Though I’m not an expert in this area, I do have access to a university library and years of practice in summarizing research. So to help LSCs make better informed decisions, below is the research summary on police in schools that I wrote for my alderman as well as a link to my google folder collecting the literature.

A note in advance: there is research on police in schools in both the criminal justice and education research fields. They are different. Speaking very generally, the criminal justice studies try to get at the effectiveness of school resource officers as a policing strategy; the education studies look at how police affect the schools they are in. I focused my summary on the research that addresses how the presence of police impacts schools because that is what LSCs are weighing.

Historical Background

School systems’ cooperation and coordination with local police departments goes back to the first decade of the 20th Century, largely in the form of truancy officers (Kunichoff, 2017). The first formal “School Resource Officer” (SRO) program was introduced in Flint, Michigan in 1953 (Kafka, 2011). Chicago Public Schools (CPS) began its district-wide formal cooperation with the Chicago Police Department (CPD) in 1966 with the simultaneous introduction of two programs. The “Officer Friendly” program started with 40 officers visiting elementary schools in order to provide young students with positive experiences with law enforcement. The “Officer Friendly” program expanded in size through the 1970s but ended in the early-1980s as it demonstrated no real benefits despite significant costs. “Officer Friendly” was a the forerunner to federally sponsored “cops-as-educators” programs such as the “Drug Abuse Resistance Education” program (D.A.R.E), started in 1987, and the “Gang Resistance Education and Training” program (G.R.E.A.T.), started in 1991. Evaluations of both D.A.R.E. and G.R.E.A.T. clearly showed that neither program demonstrated positive results (Lewis 2011).

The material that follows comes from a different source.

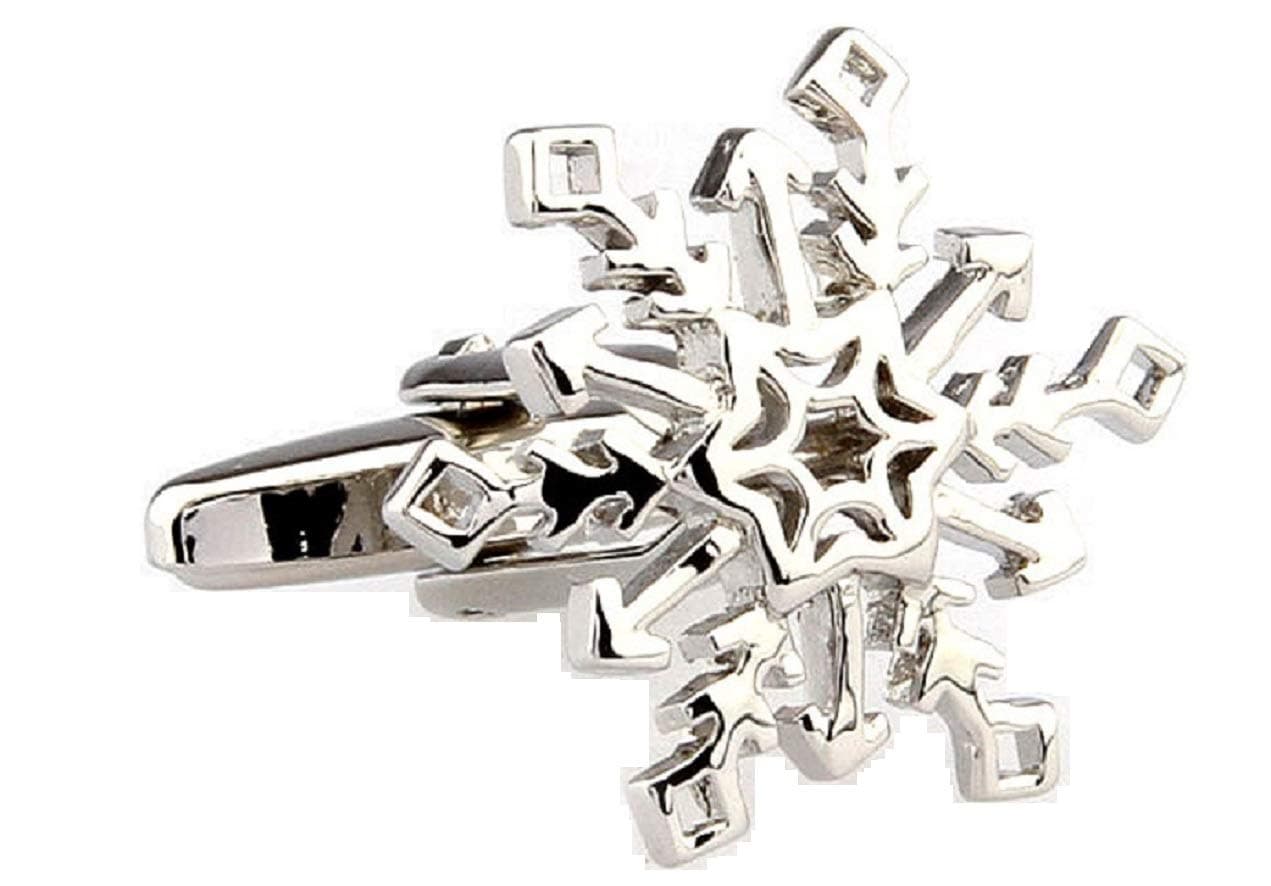 MRCUFF Snowflake Cut Out Winter Christmas Pair Cufflinks in a Presentation Gift Box & Polishing Cloth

The other CPS program initiated in 1966 was the hiring of off-duty CPD officers to serve as high school security guards. “The security guard force was only six people that first year because [of ] the funding allocation problems, but funding quickly grew until there were about five hundred security guards by 1972, most of which were off-duty police officers, armed and with the right to arrest” (Mercer quoted in Kunichoff, 2017). At the time, the Chicago Teachers Union (CTU) was a driving force behind the “police-as-security” expansion; CTU president John Fewkes argued publicly that teachers needed to be protected from Black and Latinx youth who were increasingly organizing school-based Civil Rights protests (Kunichoff, 2017).

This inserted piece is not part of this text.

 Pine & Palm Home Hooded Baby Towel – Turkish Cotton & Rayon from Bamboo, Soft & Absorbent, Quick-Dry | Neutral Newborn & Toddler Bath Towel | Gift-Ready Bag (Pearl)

The rationale for growing CPS’ “police-as-security” program shifted in the 1970s as schools on the South and West sides underwent quick demographic shifts, typically from majority White student bodies to majority Black student bodies; parents from both races called for more police to prevent the violence that marked this transition (Kunichoff, 2017). Kafka (2011) found the same trend in 1970s Los Angeles, where the White parents paradoxically called for school policing to protect their children while also pointing to the presence of cops in schools as a reason for moving out of the city.

By the mid-1980s, the focus of school policing again shifted as gang violence became the primary premise, with the 1984 shooting of Ben Wilson near Simeon High School being a high-profile touchstone. In 1991, the newly-elected Mayor Daley drew on his “tough-on-crime” campaign platform to require every high school to employ two uniformed CPD officers.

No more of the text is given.